### TASK TO CARRY OUT
Verbatim transcription with images omitted: return the entries below in full.
━━━━━ DATA EXTRACT ━━━━━
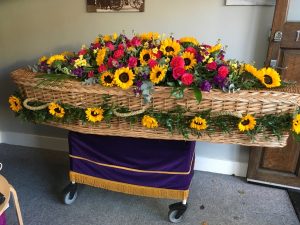 Eco-Friendly Coffin with floral tribute supplied by Albert Parr in Beckenham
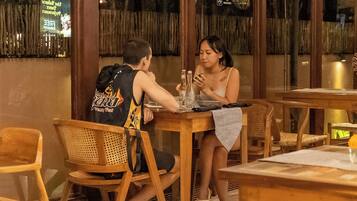 A restaurant with wooden furniture, a table with a bottle and glasses, and a person sitting at the table.
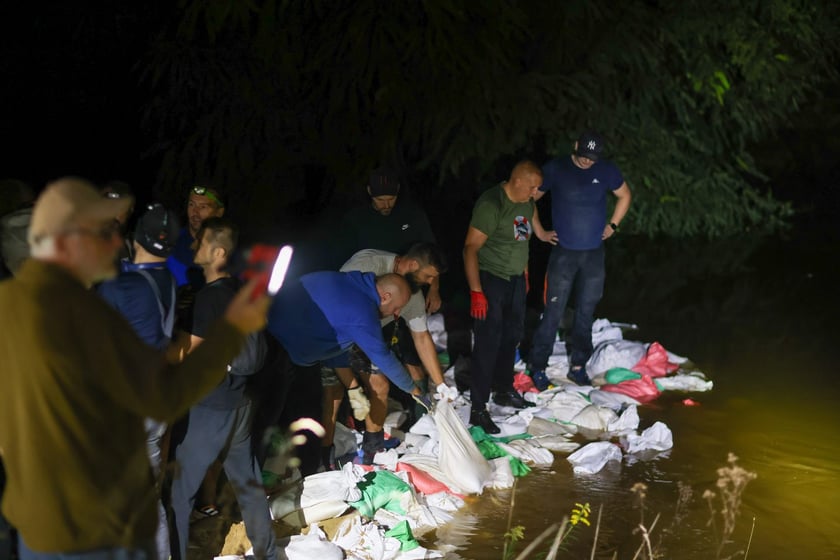 Kobiety i mężczyźni podczas akcji  na wale Janówek - Pracze. Trwa jego uszczelnianie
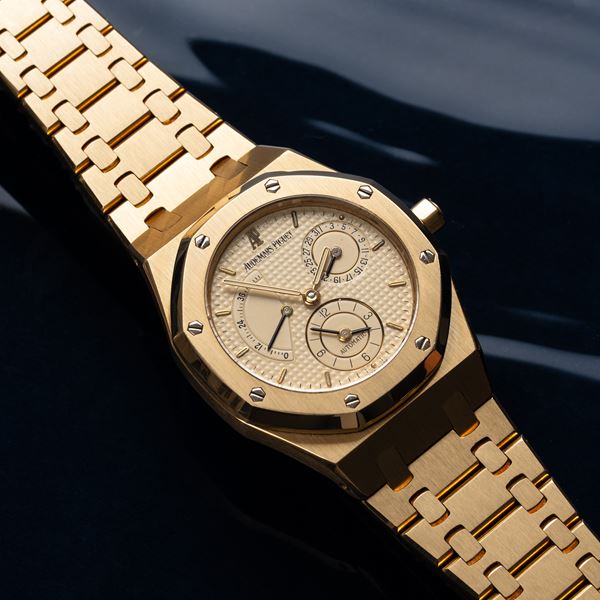 AUDEMARS PIGUET - AUDEMARS PIGUET - ROYAL OAK DUAL TIME POWER RESERVE OROLOGIO SOLO TEMPO A CARICA AUTOMATICA IN ORO GIALLO 18KT CON QUADRANTE TAPISSERIE, DATARIO, RISERVA DI CARICA E DOPPIO FUSO ORARIO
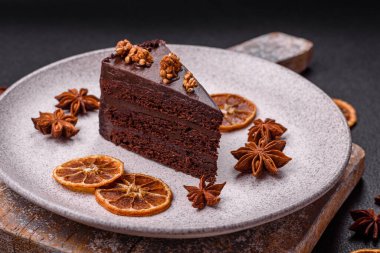 Koyu beton arka planda fındıklı bir parça çikolatalı pasta.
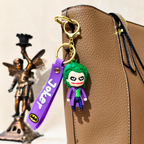 Joker keychain with a purple strap on a brown leather bag, with a statue in the background.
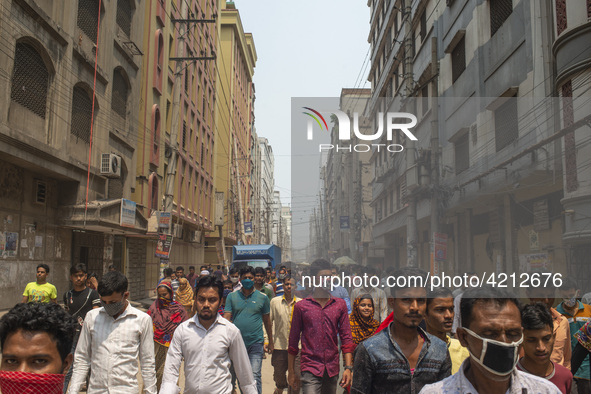 Workers coming out from different garments factories on their way home during lunch break in Narayanganj on April 24, 2019. 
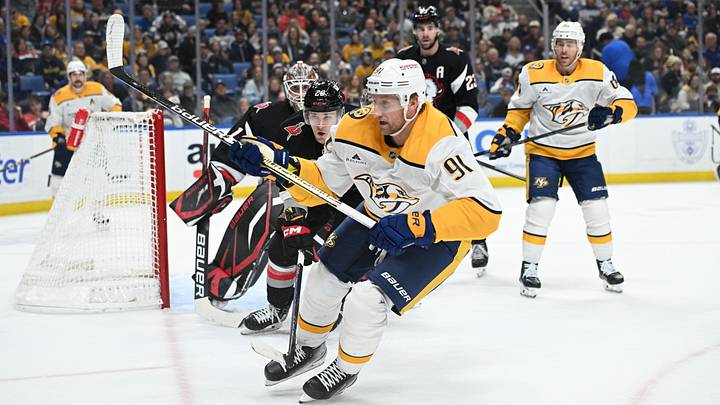 Jan 31, 2025; Buffalo, New York, USA; Nashville Predators center Steven Stamkos (91) chases the puck in front of Buffalo Sabres left wing Beck Malenstyn (29) in the first period at the KeyBank Center. Mandatory Credit: Mark Konezny-Imagn Images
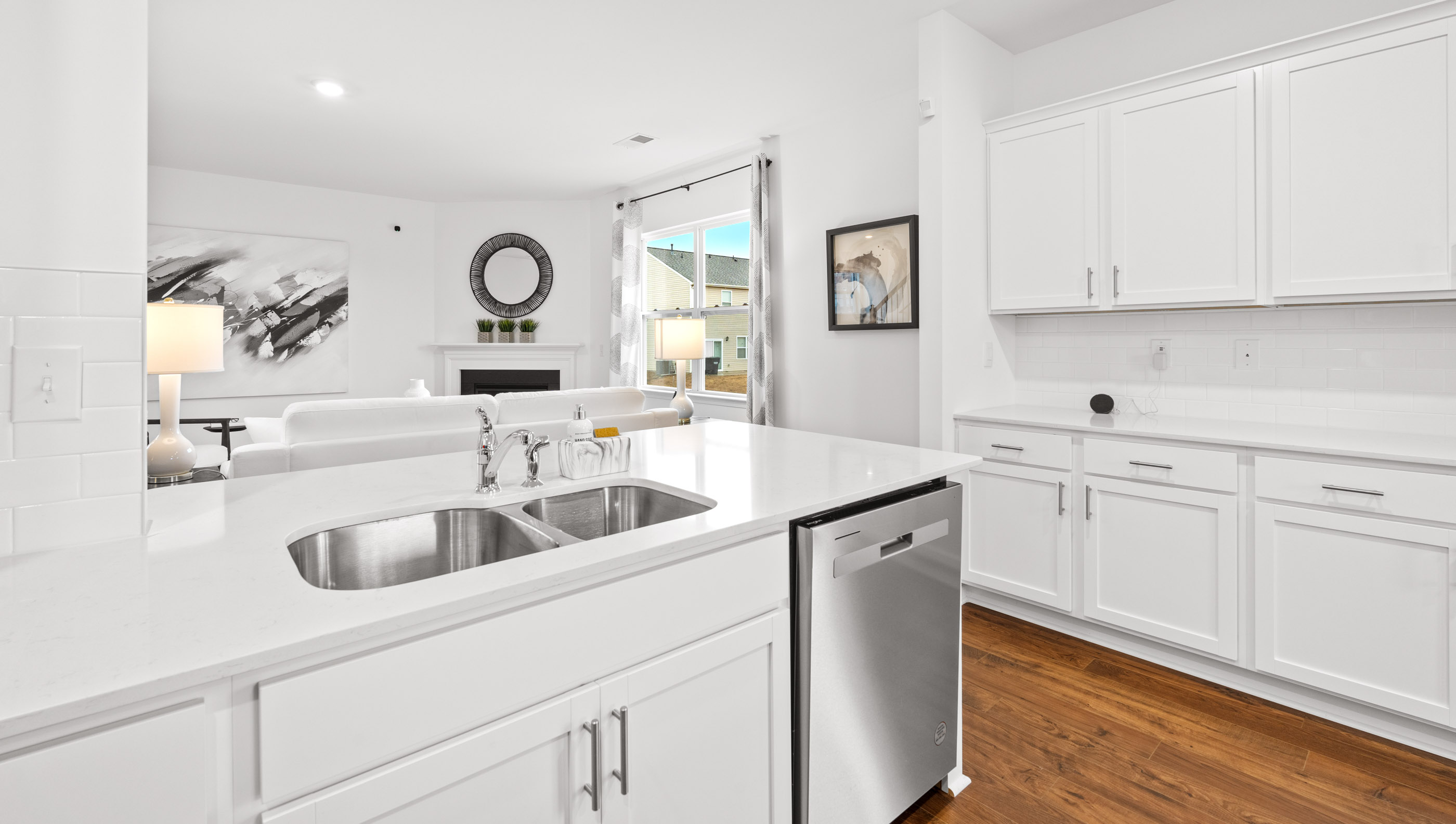 Kitchen with island and cabinets.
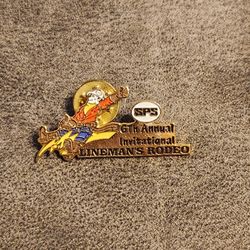 6th Annual Invitational Linemans Rodeo SPS Lapel Pin Metal Man Riding Bolt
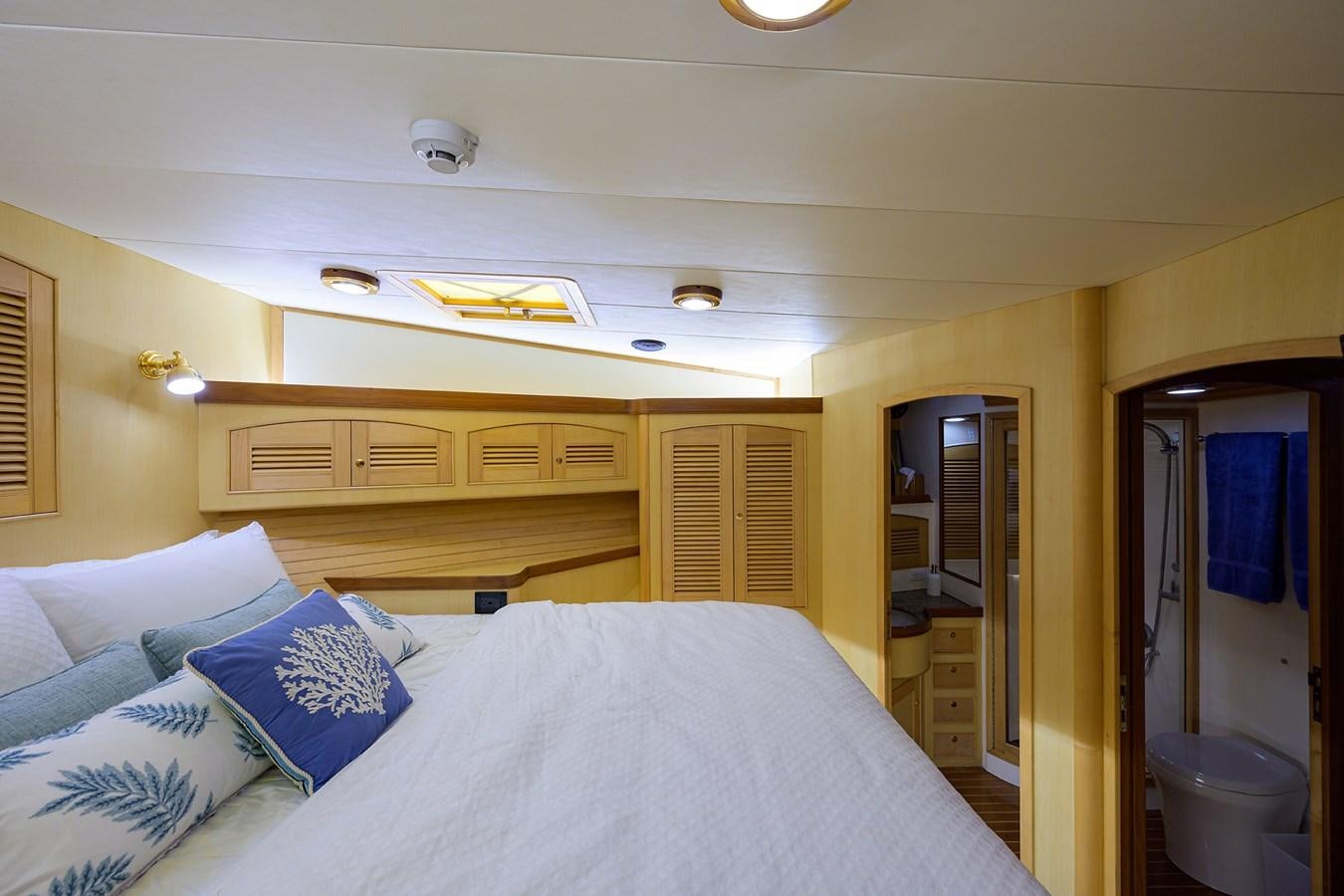 a bed in a room aboard BELLA Yacht for Sale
━━━━━
### EXERCISE SOLUTION
 Eco-Friendly Coffin with floral tribute supplied by Albert Parr in Beckenham
 A restaurant with wooden furniture, a table with a bottle and glasses, and a person sitting at the table.
 Kobiety i mężczyźni podczas akcji  na wale Janówek - Pracze. Trwa jego uszczelnianie
 AUDEMARS PIGUET - AUDEMARS PIGUET - ROYAL OAK DUAL TIME POWER RESERVE OROLOGIO SOLO TEMPO A CARICA AUTOMATICA IN ORO GIALLO 18KT CON QUADRANTE TAPISSERIE, DATARIO, RISERVA DI CARICA E DOPPIO FUSO ORARIO
 Koyu beton arka planda fındıklı bir parça çikolatalı pasta.
 Joker keychain with a purple strap on a brown leather bag, with a statue in the background.
 Workers coming out from different garments factories on their way home during lunch break in Narayanganj on April 24, 2019. 
 Jan 31, 2025; Buffalo, New York, USA; Nashville Predators center Steven Stamkos (91) chases the puck in front of Buffalo Sabres left wing Beck Malenstyn (29) in the first period at the KeyBank Center. Mandatory Credit: Mark Konezny-Imagn Images
 Kitchen with island and cabinets.
 6th Annual Invitational Linemans Rodeo SPS Lapel Pin Metal Man Riding Bolt
 a bed in a room aboard BELLA Yacht for Sale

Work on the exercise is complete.